DeepakBhalla

Software Architecture General Reference

These notes are references to the high level structures of a software system. They are mainly a list of key terms used as a reference for other notes.

Terms

Eventual consistency - A consistency model that guarantees that if no new updates are made to a given data item, eventually all accesses to that item will return the last updated value.

Design Stamina Hypothesis - As time goes on adding more features to a codebase becomes more painful. With good architecture (refactoring regularly, keeping the codebase healthy) - you can reverse or attenuate this factor

Software Architecture - More like city planning than architecture (UX designers are more like Architects)

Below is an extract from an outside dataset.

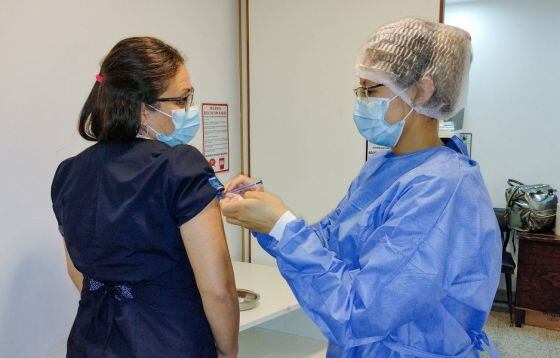 En la provincia se aplica la dosis de refuerzo a personal de salud. 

Atomic Variables - Consider a program with two threads. One thread processes some list of files and increments a counter each time it finishes working on one of them. The other thread handles the user interface, and will periodically read the counter to update a progress bar. If that counter is a 64-bit integer, we have a problem on 32-bit machines, since two loads or stores are needed to read or write the entire value. If we’re having a particularly unlucky time, the first thread could be halfway through writing the counter when the second thread reads it, receiving an incorrect value. These unfortunate occasions are called torn reads and writes.

Synchronization

  • Blocking synchronization - threads can be made to wait an arbitrary amount of time (maybe via a mutex). If some thread locks the mutex and another attempts to do the same, the second thread is made to wait—or block—until the first thread releases the lock, however long that may be.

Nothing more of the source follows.